Es decir, en el análisis y vía de solución al conflicto de Chiapas los que menos cuentan son los chiapanecos, y por encima de todo lo que se dice y se publica acerca de un Chiapas constreñido solamente al mundo indígena, no cabe duda de que allí hay mucho más que eso, en donde se gestan nuevas confrontaciones, nuevas salidas y nuevos consensos. Por todo esto, un movimiento amplio opositor empieza a nacer en todo el estado, augurando nuevas movilizaciones y empujando a las medrosas dirigencias de los partidos de oposición locales, a plantearse metas políticas que vayan más allá de la pura búsqueda de curules y prebendas. Los chiapanecos sufren directamente las consecuencias de la guerra local y de la que se despliega lejana, en el seno del aparato central, y hoy no tienen el menor derecho de resolver democráticamente su futuro: de allí la importancia que tiene el desplegado aparecido en La Jornada y El Espresso de Tuxtla Gutierrez el pasado 22 de enero, que vuelve a conjugar a las organizaciones sociales urbanas y rurales, y al más amplio movimiento ciudadano, alrededor de la defensa de la soberanía de Chiapas dentro del pacto federal, en una acción sin precedentes desde la formación del Ceoic a principios de 1994.
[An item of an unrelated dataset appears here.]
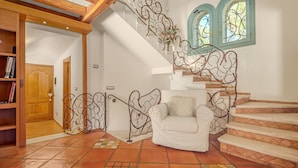 Un escalier orné de rampes en métal, un fauteuil blanc et une bibliothèque en bois.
Todo esto viene a demostrar que la suerte del estado sureño no es para nada ajena a la de la nación y que la solución al conflicto pasa por dos vías: primeramente, por una reforma profunda del Estado, consensada en el seno de un nuevo pacto que tendrá que ser lo más amplio posible, y, principalmente, por considerar a Chiapas no sólo como un objeto de solidaridad asistencial, sino como un estado de la Federación, permitiendo que los chiapanecos resuelvan sus problemas sin la ingerencia permanente del gobierno federal y del Ejército en todos sus asuntos. Identificar a la totalidad de los actores y sentarlos a una mesa sólo será posible con un gobierno chiapaneco legítimamente electo, que se deba al electorado y que pueda generar consenso en los sectores hoy enfrentados de la sociedad local... Sin este marco global y urgente, fuertemente implantado en una relegitimación local que revierta la militarización y la tendencia de desagregación inducida de los últimos años, y sin que estas medidas se cumplan lo más rápido posible, el grado de ingobernabilidad puede hacer peligrar la transición en todo el país y meternos en un horizonte de violencia incontrolable de larga duración. Sin estas condiciones previas, que requerirían una visión política de largo plazo -una visión de EstadoÊy un proyecto de nación-, el conflicto sólo conducirá a nuevos callejones sin salida.